Peculiar access to lexical vars from code in regexes

p5pRT commented 20 years ago

Migrated from rt.perl.org#26909 (status was 'resolved')

Searchable as RT26909$

p5pRT commented 20 years ago

From @jlokier

Created by @jlokier

Perl allows regular expressions to contain code which is executed when that position in the pattern is reached during a match. See `man perlre' for details. For example:

/(?:\n(?{$line++})|[^\n])*/;

If the code refers to lexical variables in the surrounding subroutine scope\, the code accesses the first _instance_ of those lexicals that exists when the regex is first compiled. Subsequent calls reference that instance\, even if the lexical has been destroyed and recreated by virtue of the scope having been exited and re-entered.

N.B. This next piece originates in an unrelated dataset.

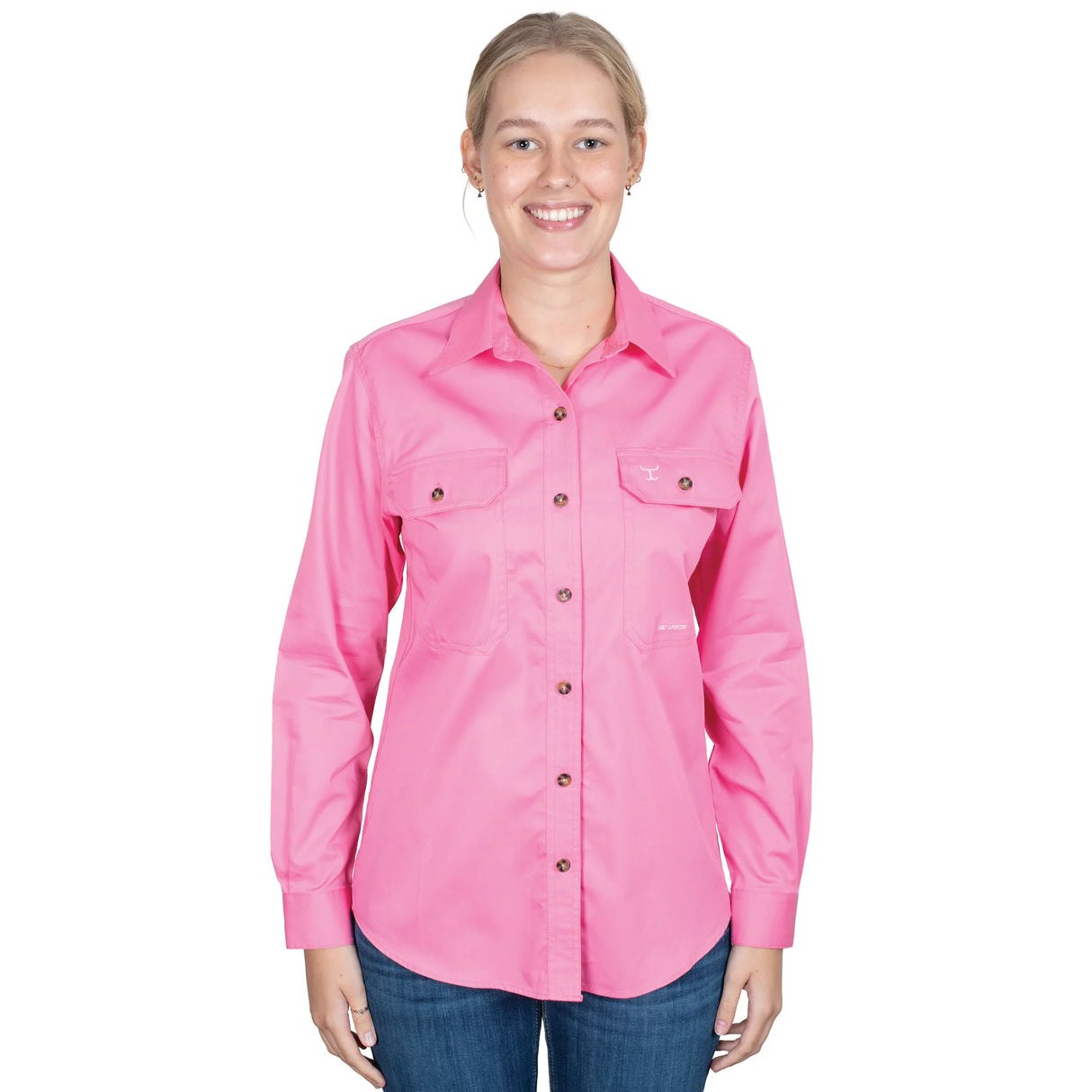 Womens Brooke Workshirt LS FB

This is very peculiar behaviour.

For example\, the following subroutine returns (1\, 0\, 0)\, not the more logical (1\, 1\, 1):

sub test1() { map { my $x = 0; /(?{$x++})/; $x; } (1..3) }

This subroutine returns (1\, 2\, 3) as expected:

sub test2() { my $x = 0; map { /(?{$x++})/; $x; } (1..3) }

However\, when it is called a second time\, it returns (0\, 0\, 0).

These problems occur with string-interpolated regexes too\, independent of whether or not the regex "o" flag is used (because Perl still tries to avoid recompiling a regex if it hasn't changed between calls).

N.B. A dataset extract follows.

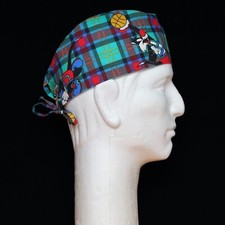 Sylvester Playing Basketball theme Scrub Hat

To ensure the expected variables are referenced inside the regex code\, the variables need to be at a large enough scope that they remain live between calls to the regex. For example\, this function returns (1\, 2\, 3) every time it is called:

my $test3_x; sub test3() { $test3_x = 0; map { /(?{$test3_x++})/; $test3_x; } (1..3) }

In general\, when code inside a regex references variables\, you have to make sure those variables are globals (declared with "our") or local to the package (declared with "my" _outside_ any "sub" definitions). If you forget to do this\, your program is likely harbouring an obscure bug which will be difficult to track down.

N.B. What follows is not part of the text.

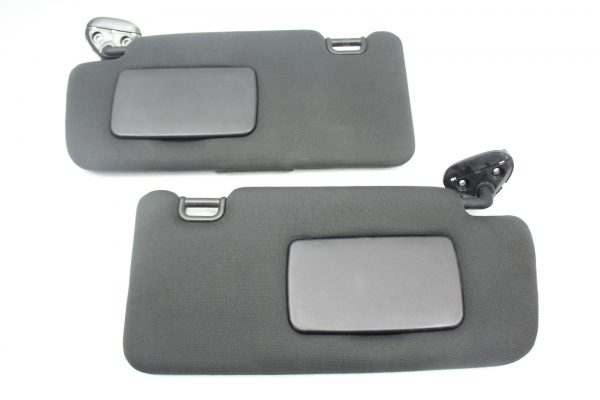 2015-2020 SUBARU WRX & STI SUN VISORS ASSEMBLY SET LH/RH BLACK OEM - Image 3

You can still use lexical scopes to confine the variable names to a small region of code. It simply has to be outside a scope which is exited and re-entered\, which usually means a subroutine scope. For example\, this subroutine also returns (1\, 2\, 3) every time it is called\, and doesn't define any variables which are visible to any other code:
{ my $x; sub test4() { $x = 0; map { /(?{$x++})/; $x; } (1..3) } }

When a regex object is defined using the "qr//" operator\, and it is called unchanged from a match ("m//") or substitution ("s///")\, code in the regex will access the first instances of lexical variables at the scope where the "qr//" appears\, not where it is called.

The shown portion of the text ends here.